LISBON: Center-left Socialist candidate António José Seguro recorded a thumping victory over hard-right populist André Ventura in Portugal’s runoff presidential election Sunday, according to official results with 99 percent of votes counted.
Seguro won a five-year term in Lisbon’s riverside “pink palace” with 66.7 percent of votes, compared with 33.3 percent for Ventura.
The ballot was an opportunity to test the depth of support for Ventura’s brash style, which has struck a chord with voters and helped make his Chega (Enough) party the second-biggest in the Portuguese parliament, as well as gauge the public appetite for Europe’s increasing shift to the right in recent years.
European Commission President Ursula von der Leyen congratulated Seguro and said on social media that “Portugal’s voice for our shared European values remains strong.”
Seguro, a longstanding Socialist politician, positioned himself as a moderate candidate who will cooperate with Portugal’s center-right minority government, repudiating Ventura’s anti-establishment and anti-immigrant tirades.
He won the backing of other mainstream politicians on the left and right who want to halt the rising populist tide.
In Portugal, the president is largely a figurehead with no executive power. Traditionally, the head of state stands above the political fray, mediating disputes and defusing tensions.
However, the president is an influential voice and possesses some powerful tools, being able to veto legislation from parliament, although the veto can be overturned. The head of state also possesses what in Portuguese political jargon is called an “atomic bomb,” the power to dissolve parliament and call early elections.
In May, Portugal held its third general election in three years in the country’s worst bout of political instability for decades, and steadying the ship is a key challenge for the next president.
Ventura, an eloquent and theatrical politician, rejected political accommodation in favor of a more combative stance.
Ventura said he will keep working to bring about a political “transformation” in Portugal.

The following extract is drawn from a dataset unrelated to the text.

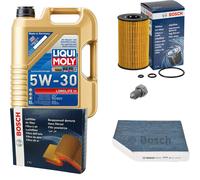 BOSCH Controllo set 5 L Liqui Moly Long Life 3 5W-30 per Audi A4 Avant 2.0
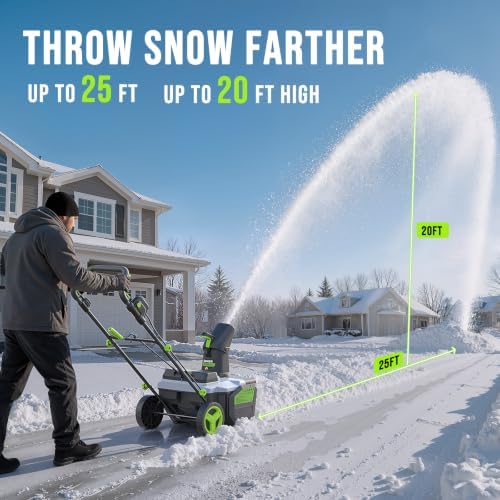 ETOOLAB 40V Cordless Snow Blower 20" Snow Thrower for Driveway/Patio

“I tried to show there’s a different way … that we needed a different kind of president,” he told reporters.
Making it through to the runoff was already a milestone for Ventura and his party, which have recalibrated Portuguese politics.
One of Ventura’s main targets has been what he calls excessive immigration, as foreign workers have become more conspicuous in Portugal in recent years.
“Portugal is ours,” he said.
During the campaign, Ventura put up billboards across the country saying, “This isn’t Bangladesh” and “Immigrants shouldn’t be allowed to live on welfare.”
Although he founded his party less than seven years ago, its surge in public support made it the second-largest party in Portugal’s parliament in the May 18 general election.
Seguro will next month replace center-right President Marcelo Rebelo de Sousa, who has served the constitutional limit of two five-year terms.